/OKLib

OKLib: A Toolchain for Checking Silent Semantic Violations in Distributed Systems

Primary LanguageJava

Source code repository for the OKLib project

Overview

OKLib1 is a runtime verification toolchain to detect silent semantic violations in distributed systems. For a given system, OKLib first leverages the old silent semantic failures in this system to infer the underlying essential semantic rules. It then enforces these rules at runtime for systems to catch new, unseen semantic violations.

drawing drawing drawing

Table of Contents

Requirements

  • OS and JDK:

    • OKLib is developed and tested under Ubuntu 18.04 and JDK 8.
    • Other systems and newer JDKs may also work. We tested a few functionalities on macOS Catalina (10.15.7) but the test is not complete.
  • Hardware:

    • The basic workflow of OKLib described in this README, which should satisfy the Artifacts Functional requirements, can be done in just one single node.
    • To reproduce the failures in our evaluated distributed systems and meet the Results Reproduced requirements, we recommend that you use a cluster of 5 nodes.
  • Git (>= 2.16.2, version control)

  • Apache Maven (>= 3.6.3, for OKLib compilation)

  • Apache Ant (>= 1.10.9, artifact testing only, for zookeeper compilation)

  • JDK8 (openjdk recommended)

Getting Started Instructions

For most instructions below we provide automated commands in scripts for a couple of popular versions of two exercised systems ZooKeeper and HDFS. We use this flag 🏁 to highlight automation scripts for Artifact Evaluation.

There is roughly estimated execution time for each step. The real execution time can vary depending on the machine performance and network bandwidth.

The total time estimated to go through the workflow below is around 35 minutes.

0. Install dependencies

sudo apt-get update
sudo apt install git maven ant vim openjdk-8-jdk
sudo update-alternatives --set java $(sudo update-alternatives --list java | grep "java-8")
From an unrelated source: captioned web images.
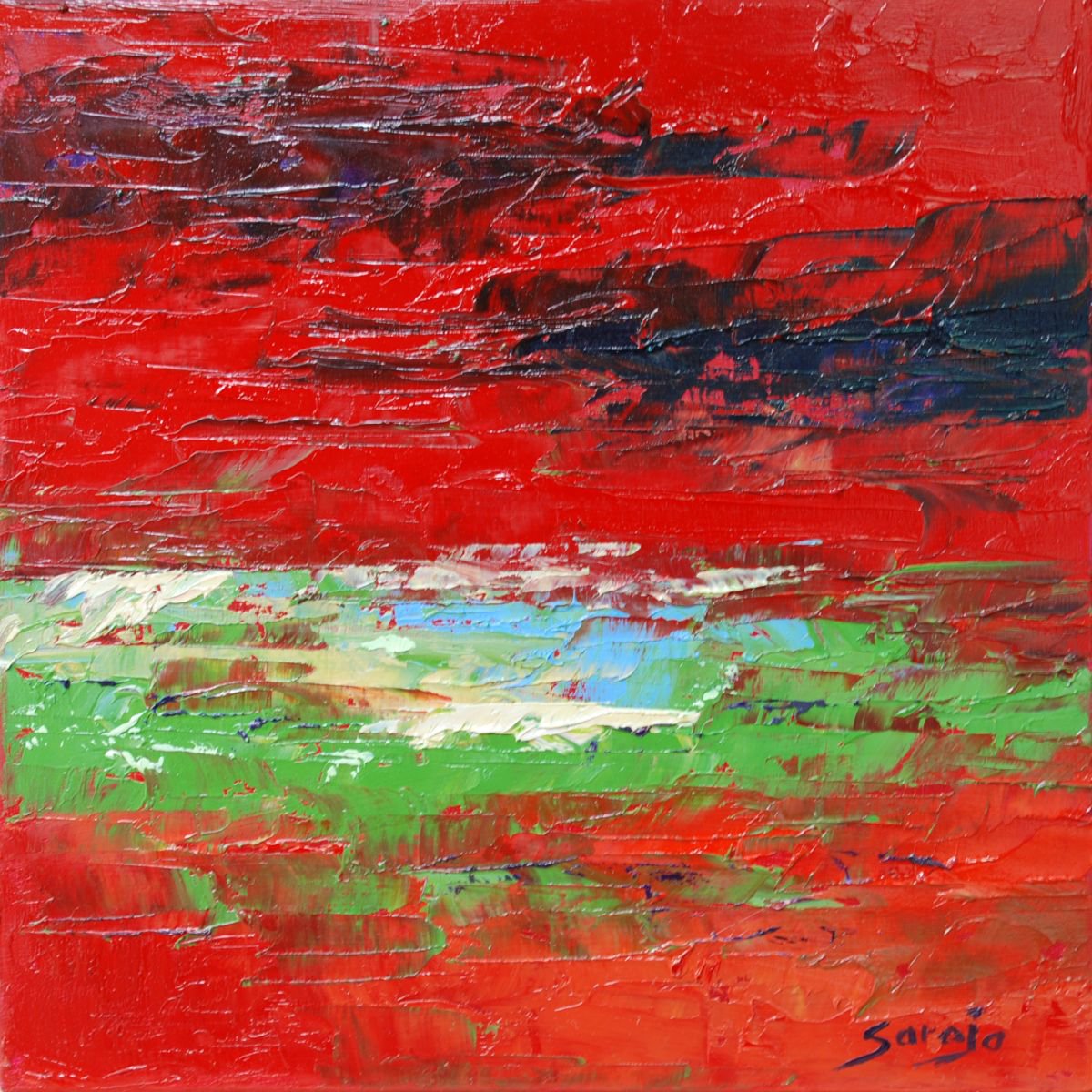 Red Sunset (Ref#:1266-19Q) By Saroja Van Der Stegen, 9 X 9, Artwork For Sale On Artfinder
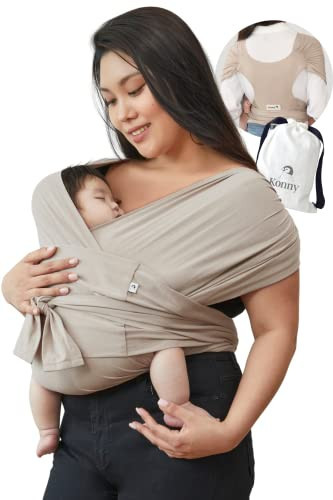 Konny Original Baby Carrier SoftBreeze Luxury Carrier Wrap, Easy to Wear Baby Wrap Carrier, Perfect Essentials Cloths for Newborn Babies up to 44 lbs, (Beige, 3XL) | Amazon (US)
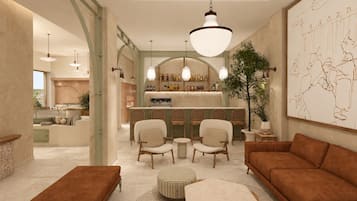 Una sala de estar moderna con área de bar, que incluye sofás, sillones y una obra de arte grande en la pared.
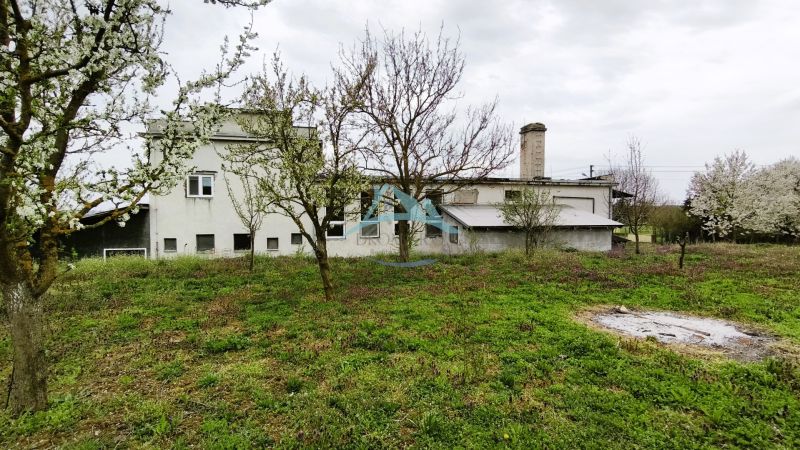 Gyártóterületek Leseniceben, zölddel és virágzó fákkal körülvéve.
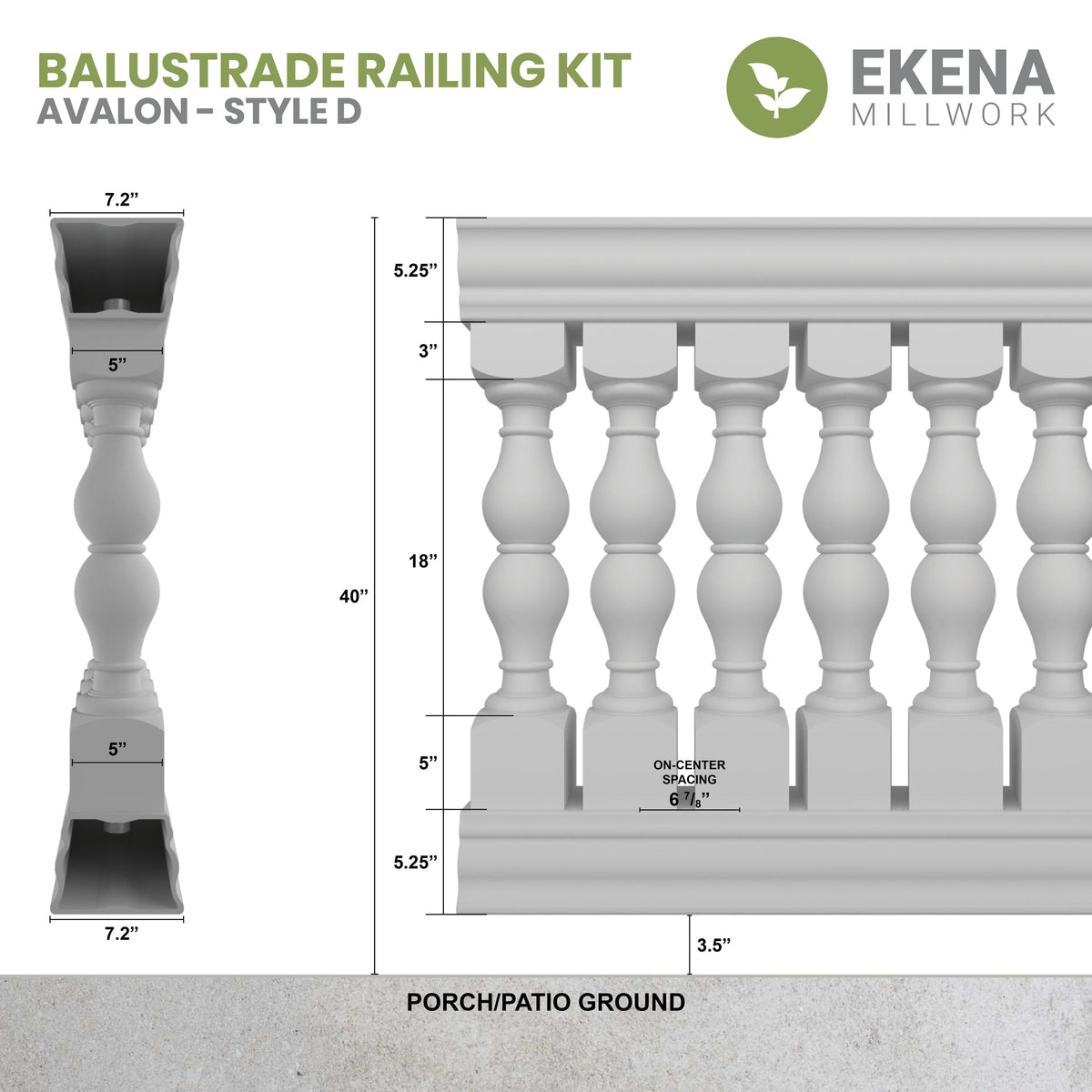 Ekena Millwork FiberThane Avalon Fiberglass Deck Rail Kit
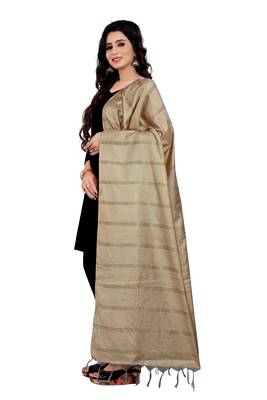 Beige Cotton Zari Woven Dupatta With Tussels 3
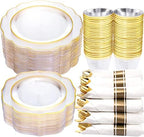 NOCCUR 50Guest Gold Rim Clear Plastic Plates&Disposable Silverware Cups-Include 100Plastic Plates, 150Gold Utensils, 50Cups and 50Napkins-Idea for Wedding/Party by NOCCUR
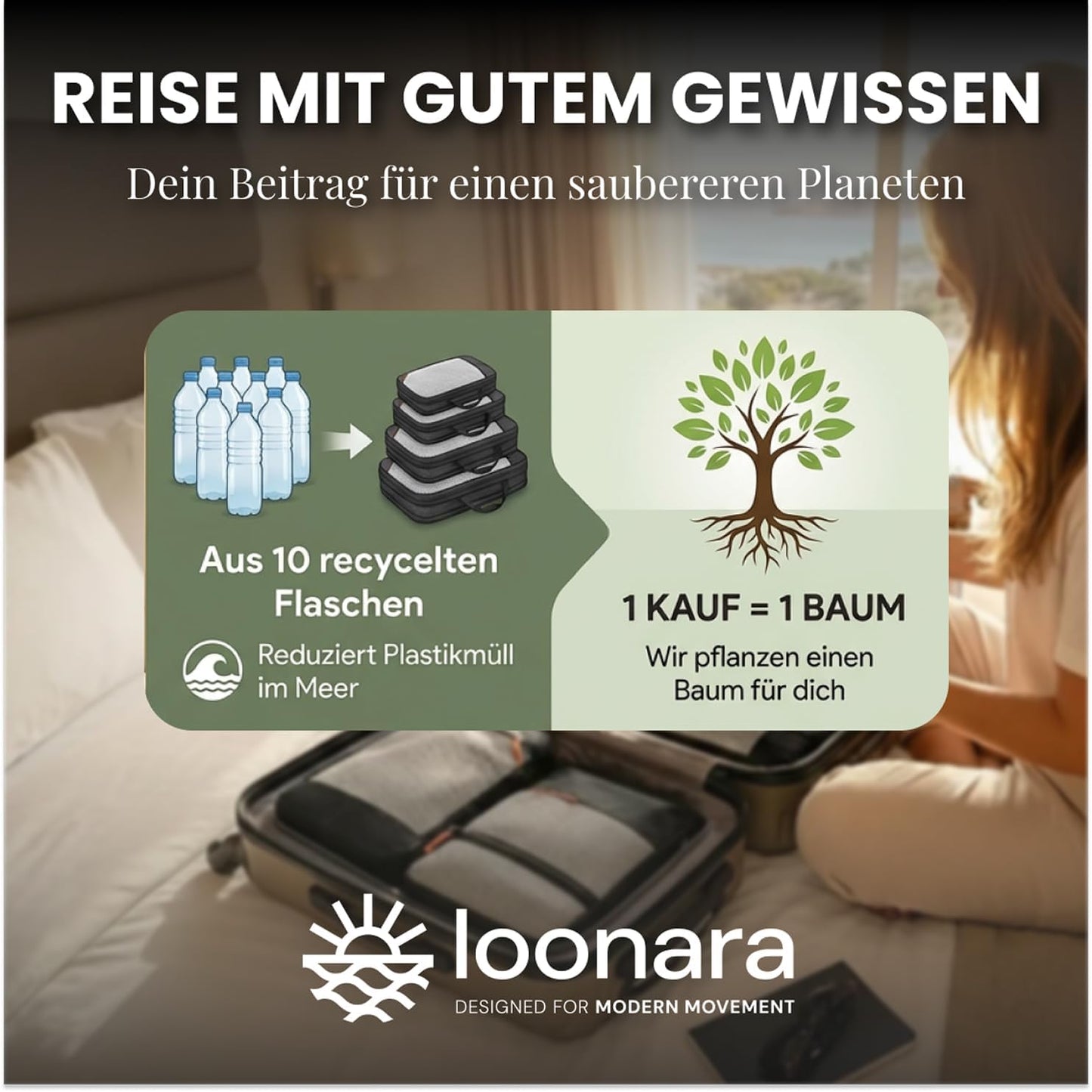 loonara Compressie Packing Cubes - 4-Delig - Grijs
Make sure you set JDK to be openjdk-8. You should also set the JAVA_HOME environment variable properly (and add it to .bashrc):

export JAVA_HOME=/usr/lib/jvm/java-8-openjdk-amd64
echo export JAVA_HOME=/usr/lib/jvm/java-8-openjdk-amd64 >> ~/.bashrc

1. Clone the OKLib repository

To clone from github:

git clone https://github.com/OrderLab/OKLib.git
cd OKLib
git submodule update --init --recursive

2. Build OKLib (~1 min)

OKLib uses Maven for project management.

To compile and run OKLib tests:

cd OKLib && mvn package

You should see test passed:

Results :

Tests run: 21, Failures: 0, Errors: 0, Skipped: 0

and compilation succeeded.

[INFO] ------------------------------------------------------------------------
[INFO] BUILD SUCCESS
[INFO] ------------------------------------------------------------------------
[INFO] Total time:  4.170 s
[INFO] Finished at: 2022-03-27T16:12:18-04:00
[INFO] ------------------------------------------------------------------------

3. Get the target system (~2 min)

Clone the Git repository for the target system you want to infer rules from. We use Zookeeper as an example:

git clone git@github.com:apache/zookeeper.git
cd zookeeper && pwd

If you have problems with using SSH to clone, you can use HTTPS git clone https://github.com/apache/zookeeper.git instead.

Record the full path to the ZooKeeper repository (e.g. /home/chang/zookeeper), which will be used as input in the next step.

No need to compile ZooKeeper at this stage. OKLib will re-compile the target system during the experiment.

4. Customize configurations to analyze target system

4.1 Target system config

🏁 For Artifact Evaluation: you don't need to go through steps in this subsection as we already prepared related recipes under conf/samples/, you only need to modify the file conf/samples/zk-3.6.1.properties and change system_dir_path to be the absolute path to your target system. For example, if zookeeper is cloned to /home/chang/zookeeper/, you should set the config to be system_dir_path=/home/chang/zookeeper/.

A configuration is needed to specify the basic information about the target system.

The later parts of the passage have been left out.